*** Opening of DATASET RECORDS ***
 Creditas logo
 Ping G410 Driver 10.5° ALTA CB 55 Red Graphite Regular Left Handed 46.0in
*** Close of DATASET RECORDS ***
*** Opening of DATASET RECORDS ***
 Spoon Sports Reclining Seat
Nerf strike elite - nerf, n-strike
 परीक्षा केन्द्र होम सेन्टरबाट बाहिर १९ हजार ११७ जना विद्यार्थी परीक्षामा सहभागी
*** Close of DATASET RECORDS ***
*** Opening of DATASET RECORDS ***
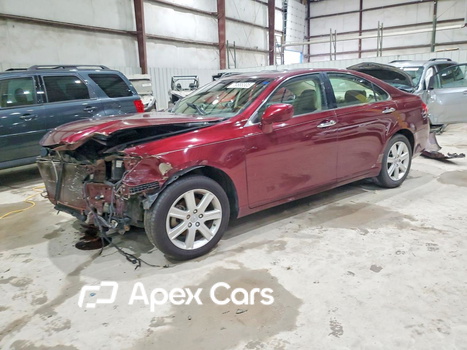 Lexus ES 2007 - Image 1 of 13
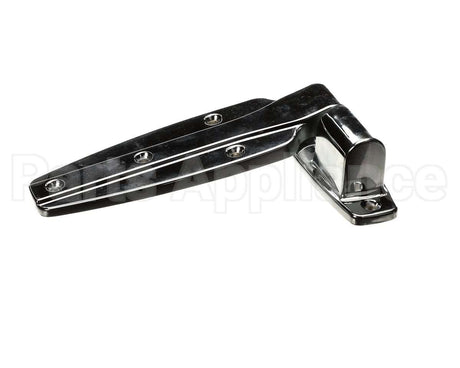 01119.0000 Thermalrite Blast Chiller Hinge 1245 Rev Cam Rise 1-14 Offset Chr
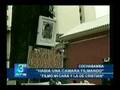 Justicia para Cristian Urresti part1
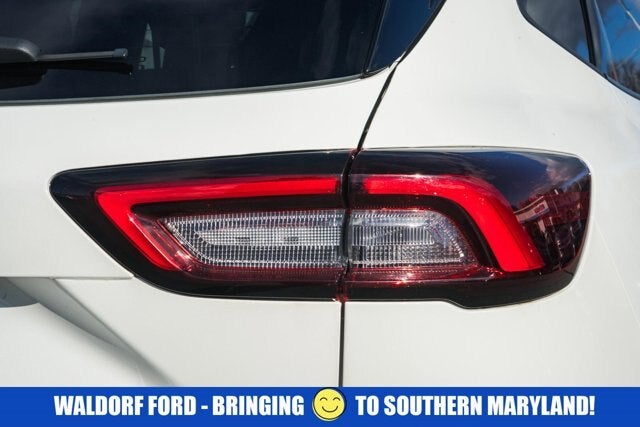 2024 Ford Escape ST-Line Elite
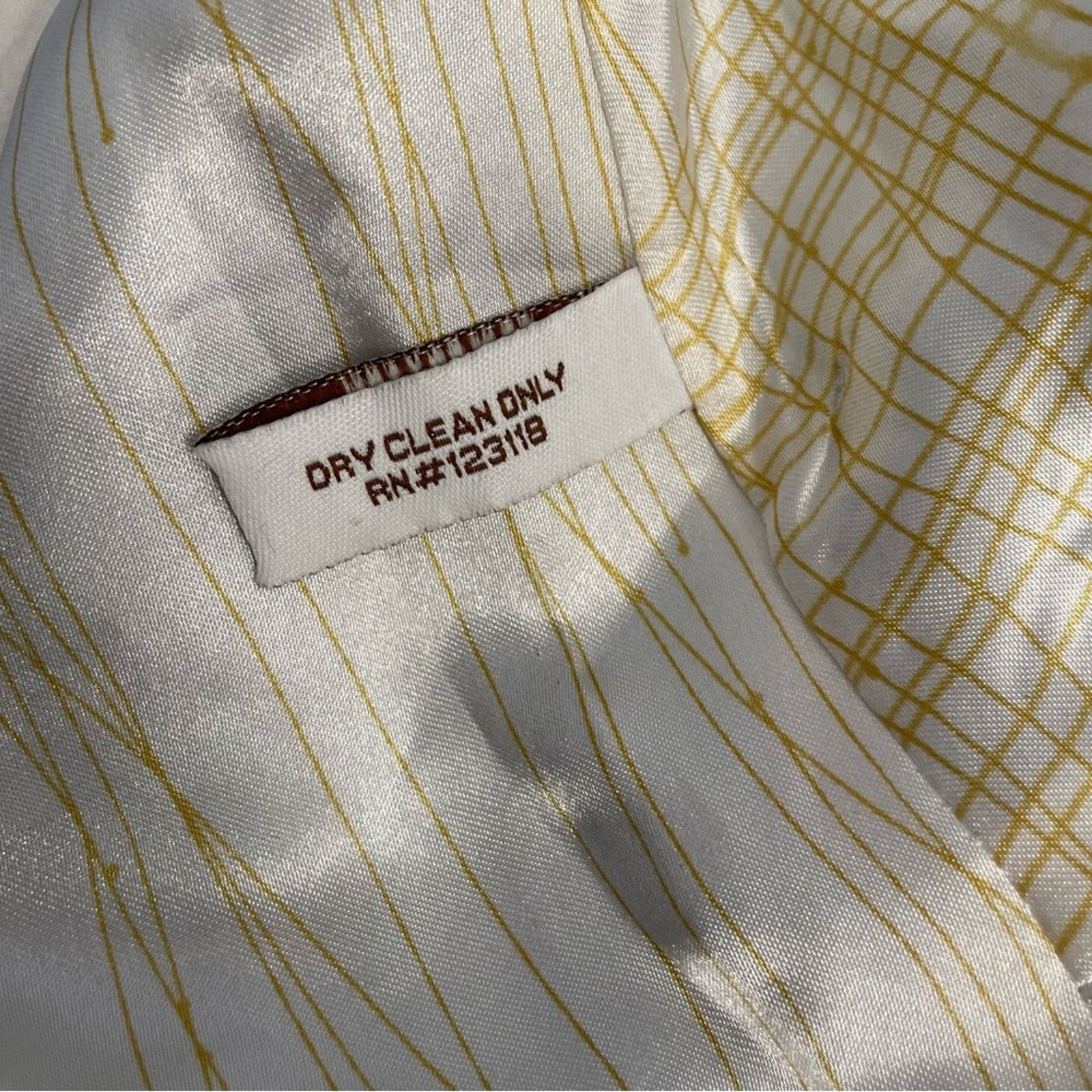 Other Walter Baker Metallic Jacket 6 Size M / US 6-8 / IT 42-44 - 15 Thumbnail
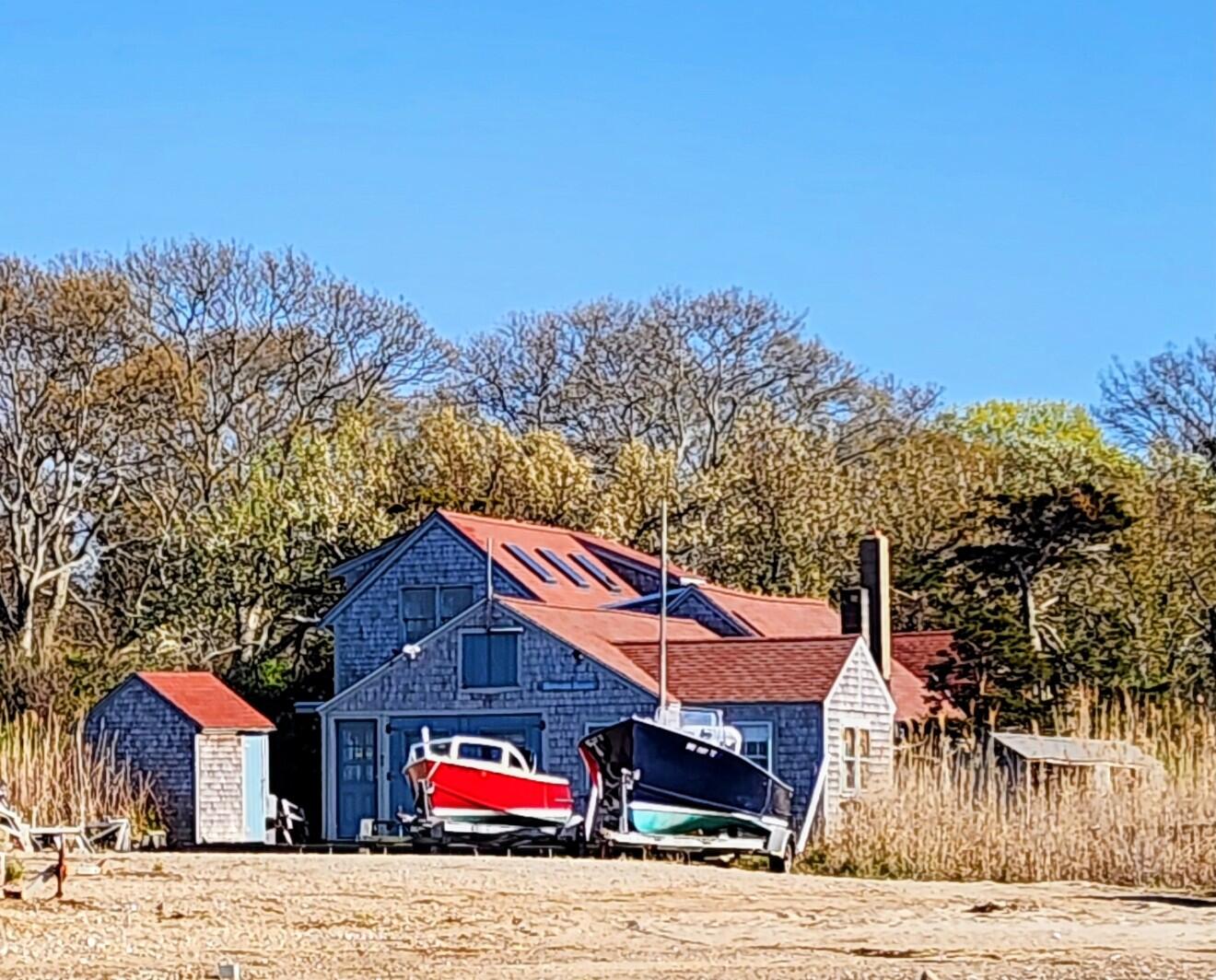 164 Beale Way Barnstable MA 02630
*** Close of DATASET RECORDS ***
[THE PROBLEM]: Return exactly the lines above, from the one with "Lexus ES 2007 - Image 1 of 13" up to and including the one with "164 Beale Way Barnstable MA 02630", and include no pictures.

[EXERCISE SOLUTION]:
 Lexus ES 2007 - Image 1 of 13
 01119.0000 Thermalrite Blast Chiller Hinge 1245 Rev Cam Rise 1-14 Offset Chr
 Justicia para Cristian Urresti part1
 2024 Ford Escape ST-Line Elite
 Other Walter Baker Metallic Jacket 6 Size M / US 6-8 / IT 42-44 - 15 Thumbnail
 164 Beale Way Barnstable MA 02630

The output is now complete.